> [TASK PROMPT]:
What is needed is an exact copy of the whole listing below, with no pictures.

> [SUPPLIED INFORMATION]:
++++++
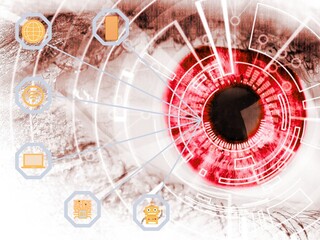 Technology in aspect of human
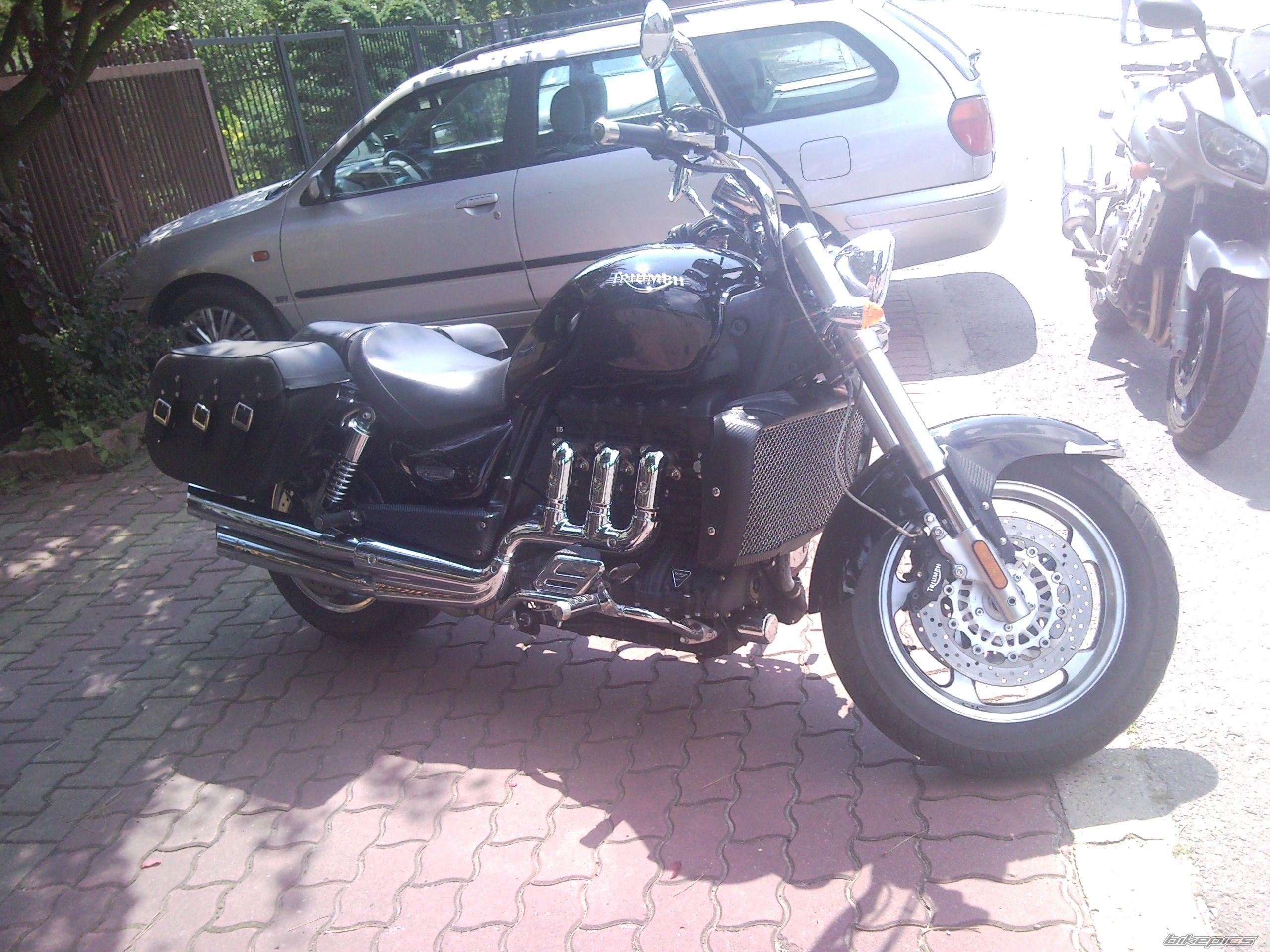 2006 TRIUMPH ROCKET III | Picture 2238609 motorcycle photo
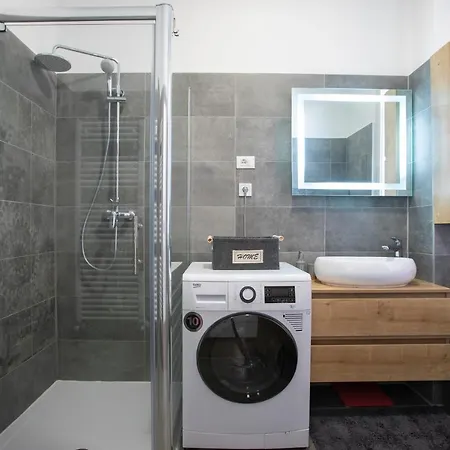 Apartment Polai Panorama With Free Parking Pula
++++++
> [ANSWER FOR THIS EXERCISE]:
 Technology in aspect of human
 2006 TRIUMPH ROCKET III | Picture 2238609 motorcycle photo
 Apartment Polai Panorama With Free Parking Pula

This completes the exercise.